UK airport operator BAA’s chairman, Sir Nigel Rudd, has told a Parliamentary committee that there were no indications of any problems which would have led the company to postpone the opening of London Heathrow’s Terminal 5.
Rudd and BAA chief executive Colin Matthews were answering questions from Parliament’s transport select committee over the 27 March switch of British Airways services to the new building.
Hundreds of flights were cancelled and thousands of items of luggage misplaced over the following two weeks as BAA battled to address problems with the terminal’s baggage-management system.
Addressing the committee, Rudd said he was “bitterly disappointed” that the transfer had not proceeded smoothly. But he insisted that, while a number of problems “might have been foreseen”, there was none of a size that would have led BAA to stop the opening.
New BAA chief Matthews struggled to satisfy the committee’s inquiries as to whether there had been any discussion over possibly limiting the scale of the initial transfer of operations.
But he told the committee that the Terminal 5 baggage system had been tested over a six-month period and tested 20 times in a “fully-loaded” condition, and added that British Airways and BAA personnel had worked together during the tests “to the maximum extent” possible.

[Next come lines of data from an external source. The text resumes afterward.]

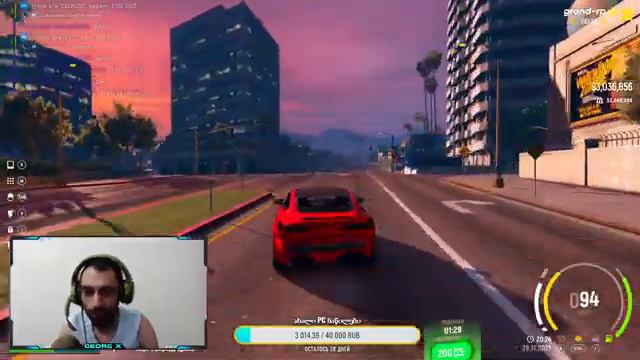 ⭕️GTA 5⭕️GRAND RP #2⭕️1КК .2КК და MAZDA RX-7 გათამაშება⭕️ смотреть онлайн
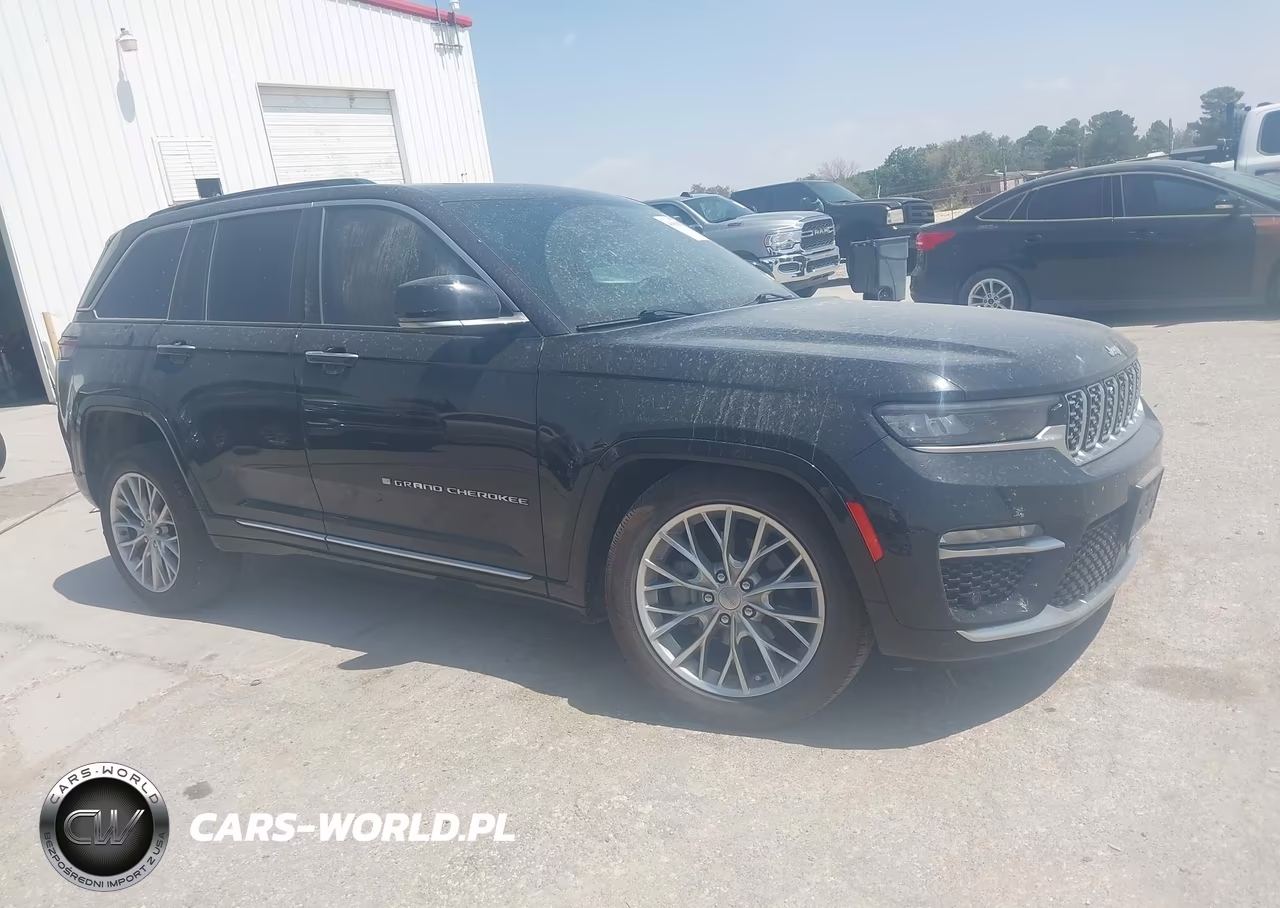 2024 Jeep Grand Cherokee Summit 4X4 VIN:1C4RJHEG4R8541043 - 13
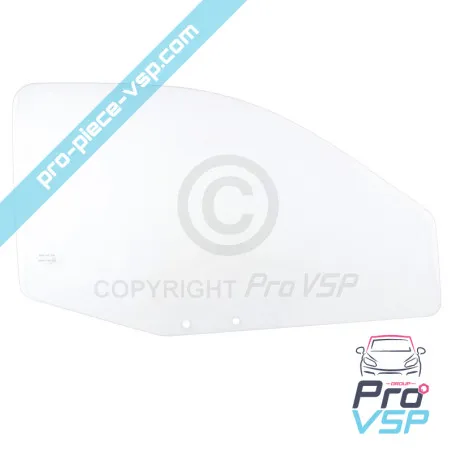 Vitre de porte droite claire pour Ligier Ixo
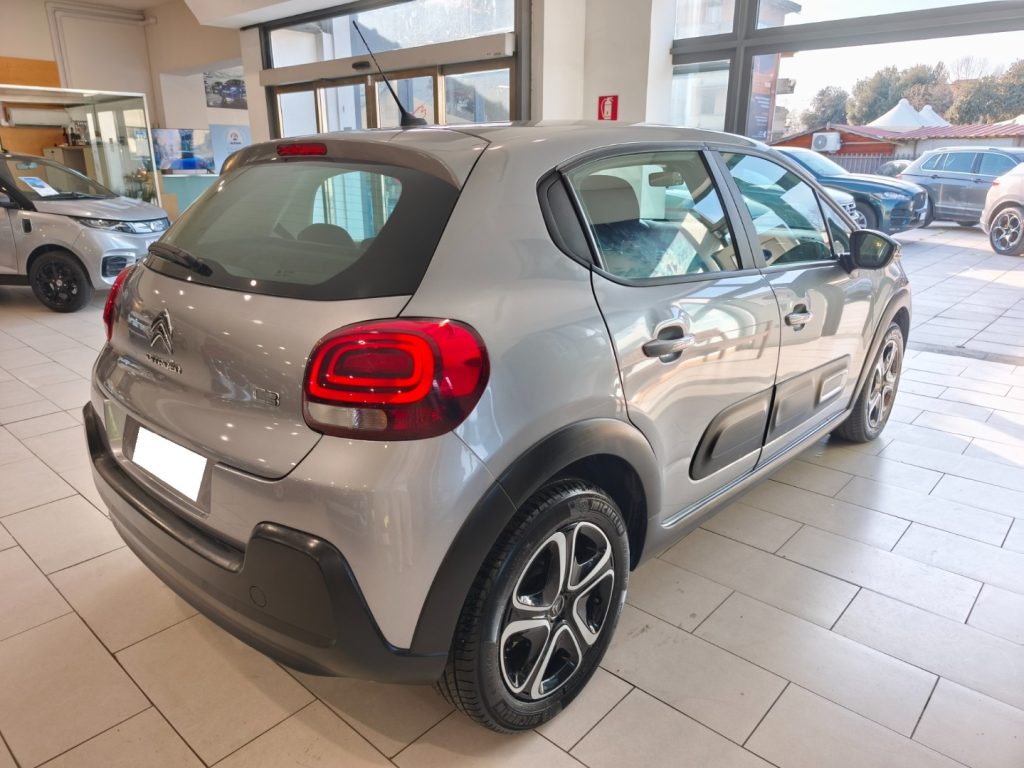 CITROEN C3 110 Cv Navigatore Car Play Aziendale - 4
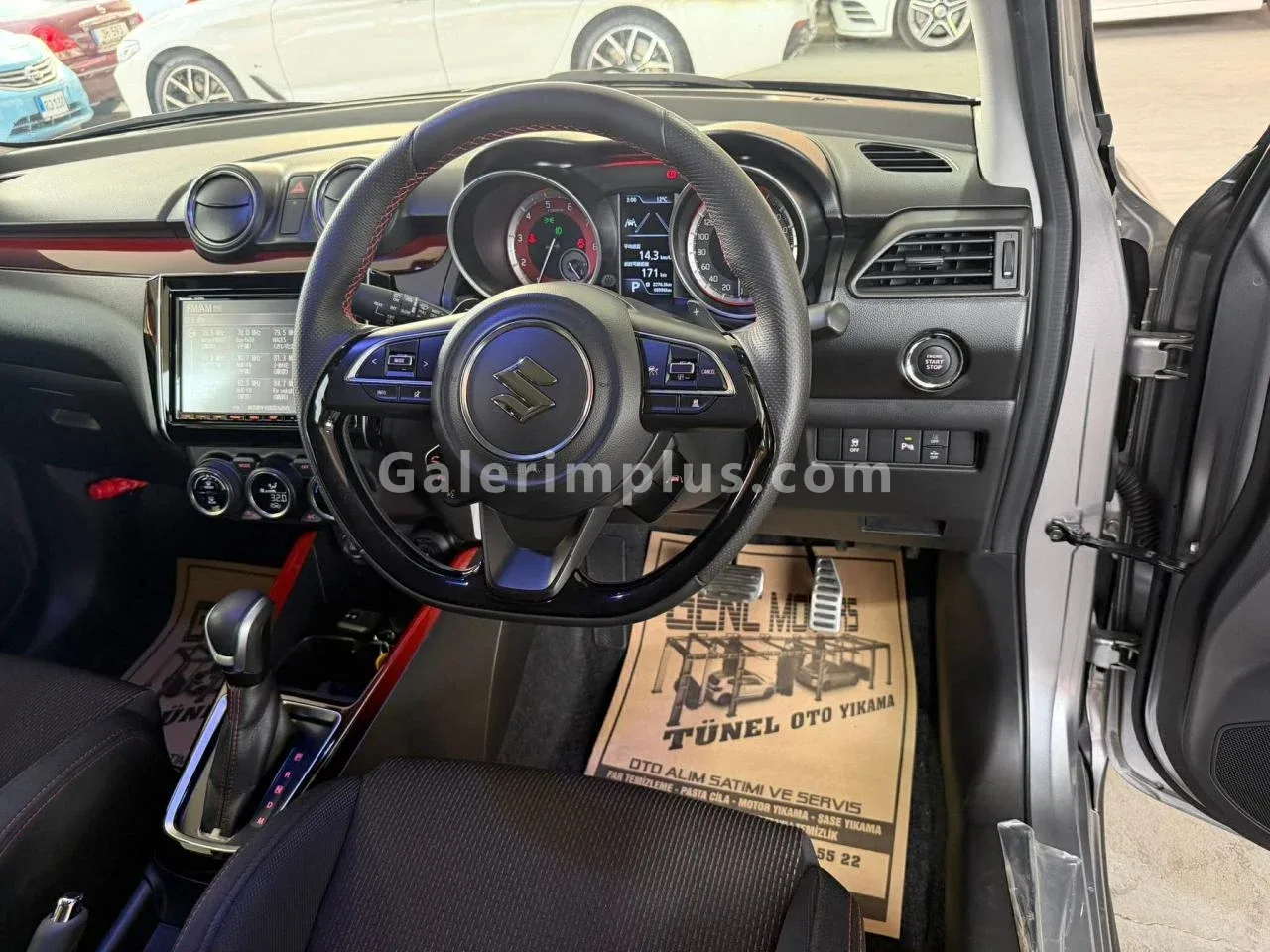 2024 Model Otomatik Suzuki Swift 1.4 Sport Gazimağusa Satılık İkinci El | GalerimPlus - Thumbnail 6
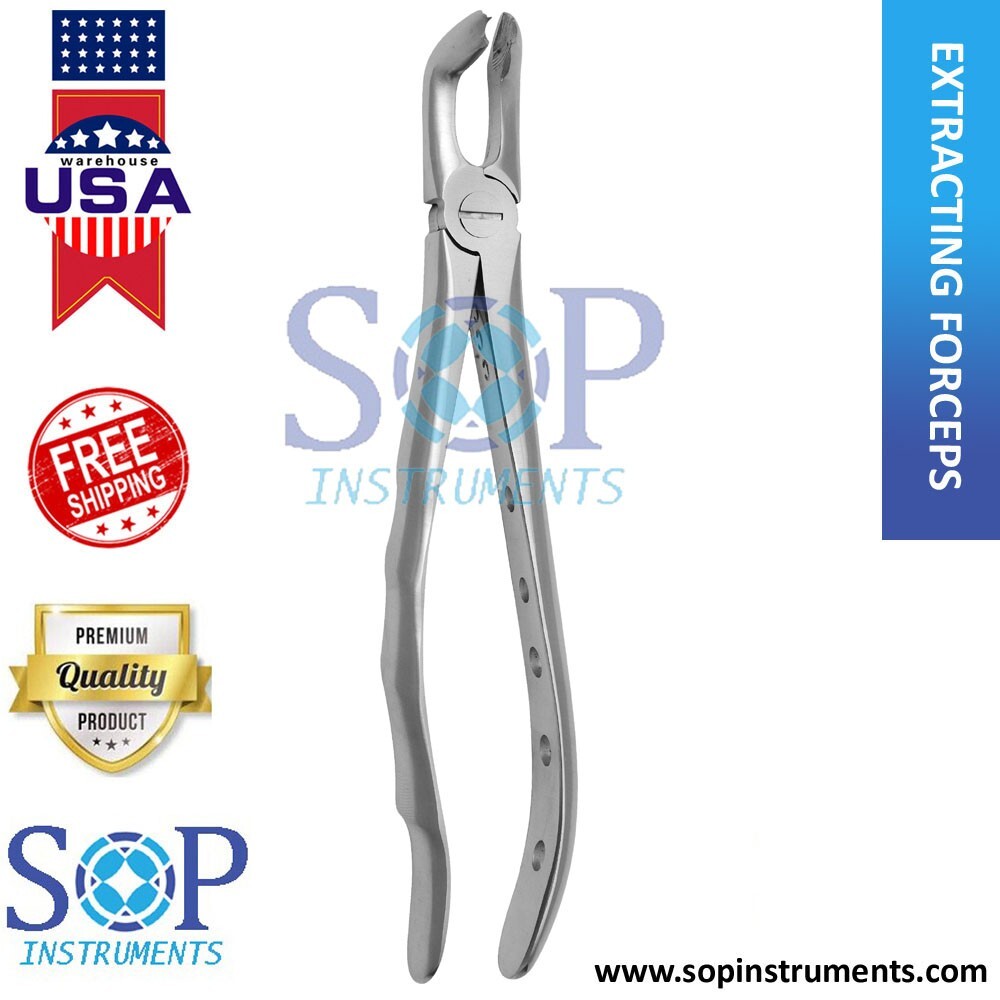 German Extracting Forceps #79 Tooth Root Jaw Molars Dental Oral Extraction Plier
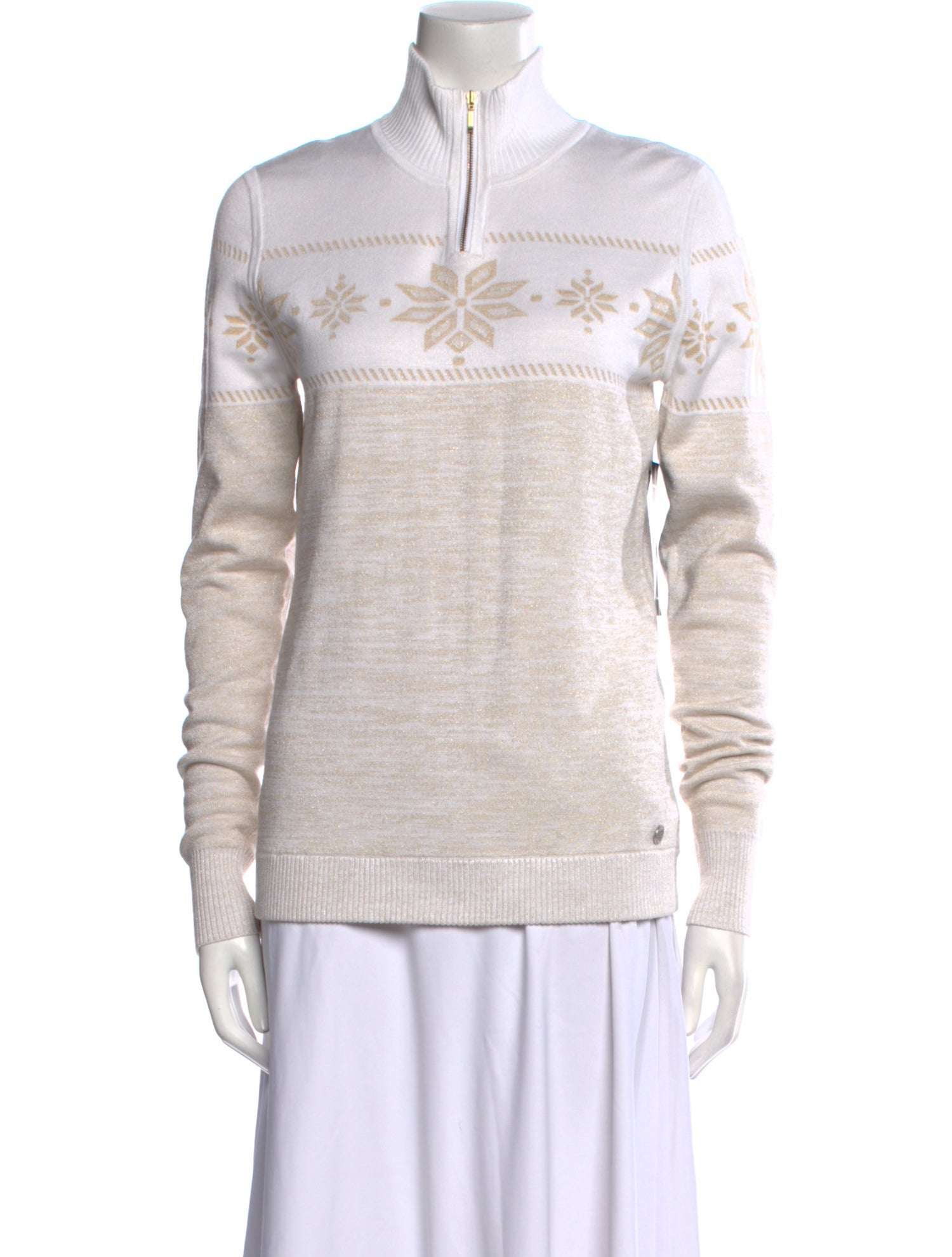 NILS Striped Turtleneck Sweater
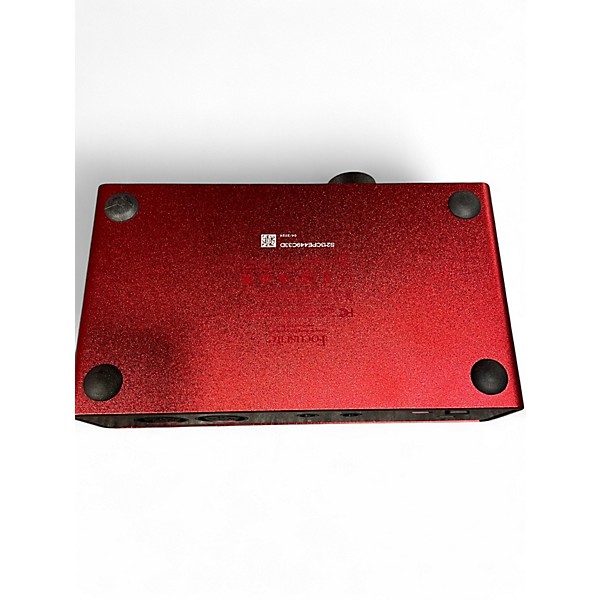 Used Focusrite Scarlett 2i2 GEN 4 Audio Interface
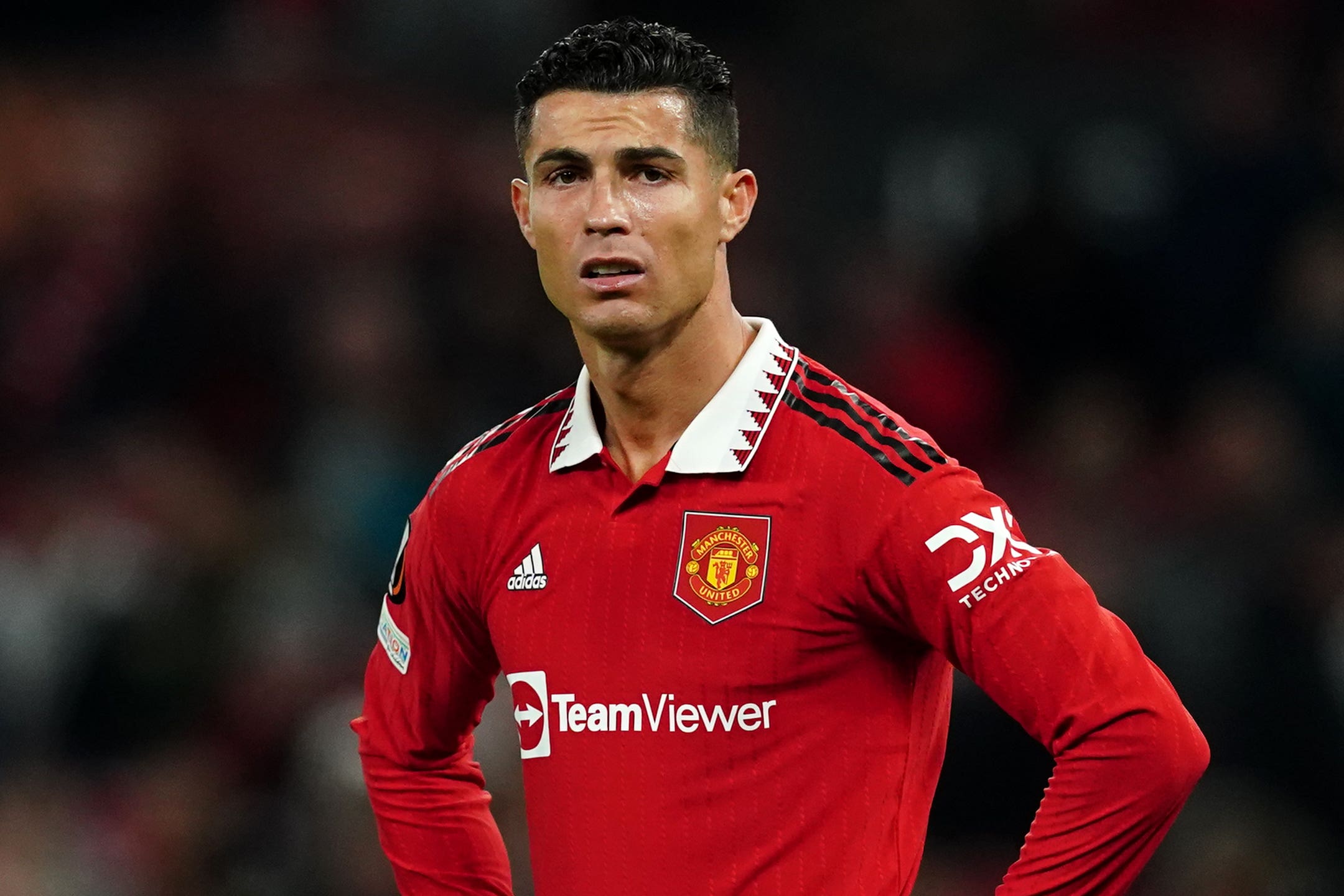 Cristiano Ronaldo left Manchester United last month (Martin Rickett/PA)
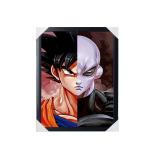Japanese Comic Dragon Ball One Piece Demon Slayer Bleach 3D Printing Anime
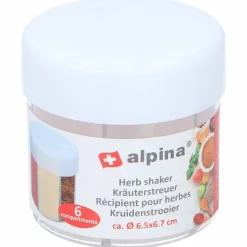 Outlet Alpina Kruidenstrooier 6 vaks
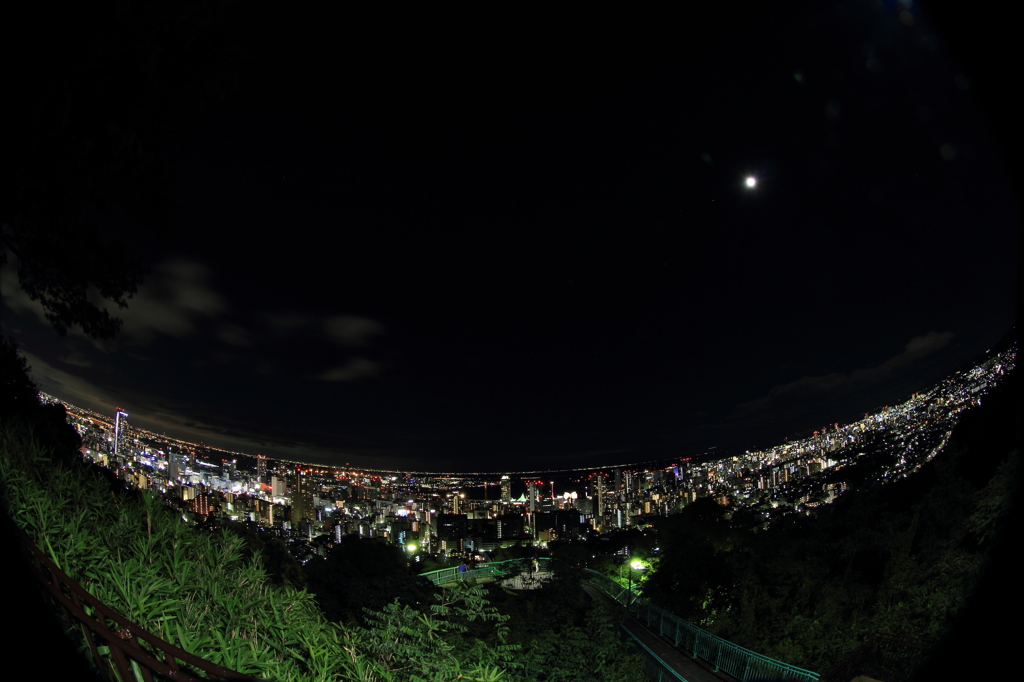 神戸の夜景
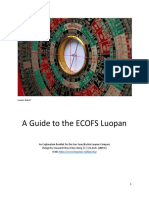 A Guide To The ECOFS Luopan (PreView)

He conceded, however: “The totality of the testing regime did not reflect the reality of the first days’ operations.”
BAA disclosed, just days before Terminal 5 opened, that Matthews would replace former chief Stephen Nelson. Rudd told the committee that the change had been agreed in December last year, because he felt Nelson’s experience in operations was “not sufficient” to run a business the size of BAA.